Instructions to follow » Word for word, repeat each line of the listing below.

Extracted data »
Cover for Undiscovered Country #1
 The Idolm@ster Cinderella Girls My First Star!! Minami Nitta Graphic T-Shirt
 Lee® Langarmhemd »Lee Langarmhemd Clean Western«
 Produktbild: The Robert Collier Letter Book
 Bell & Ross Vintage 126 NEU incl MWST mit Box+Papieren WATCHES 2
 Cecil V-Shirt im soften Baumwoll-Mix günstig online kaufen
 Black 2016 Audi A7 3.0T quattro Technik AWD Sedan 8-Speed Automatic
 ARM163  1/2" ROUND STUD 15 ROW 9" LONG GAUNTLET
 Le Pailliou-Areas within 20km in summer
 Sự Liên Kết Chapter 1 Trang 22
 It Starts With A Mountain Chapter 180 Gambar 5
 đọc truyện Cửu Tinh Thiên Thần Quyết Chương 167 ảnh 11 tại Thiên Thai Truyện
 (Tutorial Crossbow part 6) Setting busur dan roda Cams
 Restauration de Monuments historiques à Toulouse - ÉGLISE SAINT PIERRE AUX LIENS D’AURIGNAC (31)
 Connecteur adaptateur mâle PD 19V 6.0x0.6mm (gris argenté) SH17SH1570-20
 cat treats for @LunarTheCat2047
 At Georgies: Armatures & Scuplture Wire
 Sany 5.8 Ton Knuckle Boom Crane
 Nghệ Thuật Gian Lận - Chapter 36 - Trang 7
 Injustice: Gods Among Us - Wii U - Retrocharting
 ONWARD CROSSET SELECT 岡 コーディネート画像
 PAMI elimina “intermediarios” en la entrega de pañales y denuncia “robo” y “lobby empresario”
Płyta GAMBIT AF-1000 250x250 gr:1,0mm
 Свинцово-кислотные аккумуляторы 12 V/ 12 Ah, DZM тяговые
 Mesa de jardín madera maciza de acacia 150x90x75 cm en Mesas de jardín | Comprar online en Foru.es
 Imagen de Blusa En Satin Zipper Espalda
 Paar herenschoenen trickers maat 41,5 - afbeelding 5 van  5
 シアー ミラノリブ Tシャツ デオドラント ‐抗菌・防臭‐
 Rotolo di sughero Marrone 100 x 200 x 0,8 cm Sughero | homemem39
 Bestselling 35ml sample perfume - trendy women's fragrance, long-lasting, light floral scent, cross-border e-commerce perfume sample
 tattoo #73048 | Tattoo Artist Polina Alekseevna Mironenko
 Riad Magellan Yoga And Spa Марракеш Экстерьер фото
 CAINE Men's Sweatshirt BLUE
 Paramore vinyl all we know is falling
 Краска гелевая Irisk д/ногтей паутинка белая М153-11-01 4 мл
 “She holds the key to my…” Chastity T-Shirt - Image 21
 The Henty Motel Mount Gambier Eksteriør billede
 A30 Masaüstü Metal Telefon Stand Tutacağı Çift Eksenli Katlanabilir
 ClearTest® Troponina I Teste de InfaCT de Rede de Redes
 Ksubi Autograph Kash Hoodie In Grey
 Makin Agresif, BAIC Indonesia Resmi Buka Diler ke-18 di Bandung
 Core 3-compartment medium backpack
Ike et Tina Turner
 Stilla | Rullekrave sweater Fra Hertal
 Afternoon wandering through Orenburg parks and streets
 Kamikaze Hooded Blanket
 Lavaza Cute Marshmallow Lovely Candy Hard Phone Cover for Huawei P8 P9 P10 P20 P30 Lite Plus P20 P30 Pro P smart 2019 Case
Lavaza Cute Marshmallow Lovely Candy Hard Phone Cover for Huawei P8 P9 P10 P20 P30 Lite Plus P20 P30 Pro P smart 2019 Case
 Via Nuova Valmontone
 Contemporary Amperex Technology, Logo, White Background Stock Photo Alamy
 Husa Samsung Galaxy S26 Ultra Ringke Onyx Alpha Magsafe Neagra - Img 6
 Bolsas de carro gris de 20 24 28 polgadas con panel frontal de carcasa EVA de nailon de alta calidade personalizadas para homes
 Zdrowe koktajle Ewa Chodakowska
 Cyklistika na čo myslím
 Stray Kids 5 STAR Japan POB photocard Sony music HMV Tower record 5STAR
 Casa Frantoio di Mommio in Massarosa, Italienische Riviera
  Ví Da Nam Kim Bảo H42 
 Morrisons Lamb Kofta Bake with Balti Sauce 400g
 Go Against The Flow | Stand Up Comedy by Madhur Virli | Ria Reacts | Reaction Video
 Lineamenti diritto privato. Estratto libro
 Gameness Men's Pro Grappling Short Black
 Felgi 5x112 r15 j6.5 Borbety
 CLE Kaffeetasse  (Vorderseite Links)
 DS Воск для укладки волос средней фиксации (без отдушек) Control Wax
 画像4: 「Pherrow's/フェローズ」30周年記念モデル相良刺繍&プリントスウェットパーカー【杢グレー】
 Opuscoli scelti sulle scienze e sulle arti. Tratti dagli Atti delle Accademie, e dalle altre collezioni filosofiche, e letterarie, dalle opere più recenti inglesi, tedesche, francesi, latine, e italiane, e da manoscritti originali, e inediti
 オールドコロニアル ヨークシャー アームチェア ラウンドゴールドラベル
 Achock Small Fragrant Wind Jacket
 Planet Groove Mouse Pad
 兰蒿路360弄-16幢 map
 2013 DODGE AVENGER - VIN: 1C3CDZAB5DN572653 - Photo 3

Answer box »
Cover for Undiscovered Country #1
 The Idolm@ster Cinderella Girls My First Star!! Minami Nitta Graphic T-Shirt
 Lee® Langarmhemd »Lee Langarmhemd Clean Western«
 Produktbild: The Robert Collier Letter Book
 Bell & Ross Vintage 126 NEU incl MWST mit Box+Papieren WATCHES 2
 Cecil V-Shirt im soften Baumwoll-Mix günstig online kaufen
 Black 2016 Audi A7 3.0T quattro Technik AWD Sedan 8-Speed Automatic
 ARM163  1/2" ROUND STUD 15 ROW 9" LONG GAUNTLET
 Le Pailliou-Areas within 20km in summer
 Sự Liên Kết Chapter 1 Trang 22
 It Starts With A Mountain Chapter 180 Gambar 5
 đọc truyện Cửu Tinh Thiên Thần Quyết Chương 167 ảnh 11 tại Thiên Thai Truyện
 (Tutorial Crossbow part 6) Setting busur dan roda Cams
 Restauration de Monuments historiques à Toulouse - ÉGLISE SAINT PIERRE AUX LIENS D’AURIGNAC (31)
 Connecteur adaptateur mâle PD 19V 6.0x0.6mm (gris argenté) SH17SH1570-20
 cat treats for @LunarTheCat2047
 At Georgies: Armatures & Scuplture Wire
 Sany 5.8 Ton Knuckle Boom Crane
 Nghệ Thuật Gian Lận - Chapter 36 - Trang 7
 Injustice: Gods Among Us - Wii U - Retrocharting
 ONWARD CROSSET SELECT 岡 コーディネート画像
 PAMI elimina “intermediarios” en la entrega de pañales y denuncia “robo” y “lobby empresario”
Płyta GAMBIT AF-1000 250x250 gr:1,0mm
 Свинцово-кислотные аккумуляторы 12 V/ 12 Ah, DZM тяговые
 Mesa de jardín madera maciza de acacia 150x90x75 cm en Mesas de jardín | Comprar online en Foru.es
 Imagen de Blusa En Satin Zipper Espalda
 Paar herenschoenen trickers maat 41,5 - afbeelding 5 van  5
 シアー ミラノリブ Tシャツ デオドラント ‐抗菌・防臭‐
 Rotolo di sughero Marrone 100 x 200 x 0,8 cm Sughero | homemem39
 Bestselling 35ml sample perfume - trendy women's fragrance, long-lasting, light floral scent, cross-border e-commerce perfume sample
 tattoo #73048 | Tattoo Artist Polina Alekseevna Mironenko
 Riad Magellan Yoga And Spa Марракеш Экстерьер фото
 CAINE Men's Sweatshirt BLUE
 Paramore vinyl all we know is falling
 Краска гелевая Irisk д/ногтей паутинка белая М153-11-01 4 мл
 “She holds the key to my…” Chastity T-Shirt - Image 21
 The Henty Motel Mount Gambier Eksteriør billede
 A30 Masaüstü Metal Telefon Stand Tutacağı Çift Eksenli Katlanabilir
 ClearTest® Troponina I Teste de InfaCT de Rede de Redes
 Ksubi Autograph Kash Hoodie In Grey
 Makin Agresif, BAIC Indonesia Resmi Buka Diler ke-18 di Bandung
 Core 3-compartment medium backpack
Ike et Tina Turner
 Stilla | Rullekrave sweater Fra Hertal
 Afternoon wandering through Orenburg parks and streets
 Kamikaze Hooded Blanket
 Lavaza Cute Marshmallow Lovely Candy Hard Phone Cover for Huawei P8 P9 P10 P20 P30 Lite Plus P20 P30 Pro P smart 2019 Case
Lavaza Cute Marshmallow Lovely Candy Hard Phone Cover for Huawei P8 P9 P10 P20 P30 Lite Plus P20 P30 Pro P smart 2019 Case
 Via Nuova Valmontone
 Contemporary Amperex Technology, Logo, White Background Stock Photo Alamy
 Husa Samsung Galaxy S26 Ultra Ringke Onyx Alpha Magsafe Neagra - Img 6
 Bolsas de carro gris de 20 24 28 polgadas con panel frontal de carcasa EVA de nailon de alta calidade personalizadas para homes
 Zdrowe koktajle Ewa Chodakowska
 Cyklistika na čo myslím
 Stray Kids 5 STAR Japan POB photocard Sony music HMV Tower record 5STAR
 Casa Frantoio di Mommio in Massarosa, Italienische Riviera
  Ví Da Nam Kim Bảo H42 
 Morrisons Lamb Kofta Bake with Balti Sauce 400g
 Go Against The Flow | Stand Up Comedy by Madhur Virli | Ria Reacts | Reaction Video
 Lineamenti diritto privato. Estratto libro
 Gameness Men's Pro Grappling Short Black
 Felgi 5x112 r15 j6.5 Borbety
 CLE Kaffeetasse  (Vorderseite Links)
 DS Воск для укладки волос средней фиксации (без отдушек) Control Wax
 画像4: 「Pherrow's/フェローズ」30周年記念モデル相良刺繍&プリントスウェットパーカー【杢グレー】
 Opuscoli scelti sulle scienze e sulle arti. Tratti dagli Atti delle Accademie, e dalle altre collezioni filosofiche, e letterarie, dalle opere più recenti inglesi, tedesche, francesi, latine, e italiane, e da manoscritti originali, e inediti
 オールドコロニアル ヨークシャー アームチェア ラウンドゴールドラベル
 Achock Small Fragrant Wind Jacket
 Planet Groove Mouse Pad
 兰蒿路360弄-16幢 map
 2013 DODGE AVENGER - VIN: 1C3CDZAB5DN572653 - Photo 3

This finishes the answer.